Real-time Bidding (RTB) is killing Ad-tech

Asif Ali
5 min readJun 2, 2015

--

Antiquated technology is hurting the real-time bidding industry. It is about time, all of that changed.

I am sure that the above title raised a lot of eyeballs since RTB spend is increasing consistently each year.

US RTB Spends 2012–2016 from eMarketer, Nov 2012

However, being someone who operates a RTB platform, I can make a few assertions (about the industry) with a great degree of confidence:

  1. The Real-time bidding (RTB) protocol is bloated and hurting (to the point of killing) the ad-tech industry
  2. Large players invest in extremely large amount of hardware to offset the complexity introduced by the RTB spec; This together with other expenditure explains why many of them are unable to reach profitability even after going public.
  3. Small players can’t compete with large players effectively because the amount of infrastructure required is beyond what they can afford, raising the barrier to entry in this industry.
  4. All of the above is hurting competitiveness on the whole and limiting advertiser choices.

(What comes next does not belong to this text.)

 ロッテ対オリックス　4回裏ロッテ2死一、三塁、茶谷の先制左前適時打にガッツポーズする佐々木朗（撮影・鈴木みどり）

RTB is not exactly cutting edge

From Real-time Bidding Specification

Real-time Bidding (RTB) operates as follows: Publishers send requests which are initiated through a browser as HTTP requests and expect responses through HTTP as well. To understand each other’s requests, servers exchange JSON data between one another that complies to the RTB Specification.

The RTB spec mandates more than one request / response cycle even just to serve one ad. Multiply that by about 50 billion ads that are approximately served each day and you get the number of HTTP requests that the RTB industry uses to just one platform. Even a blank HTTP requests is several tens of bytes. A valid RTB request could be up to a kilobyte in size.

That equals about

465 terra bytes of data

moving between 100 advertising platforms across the world, each day.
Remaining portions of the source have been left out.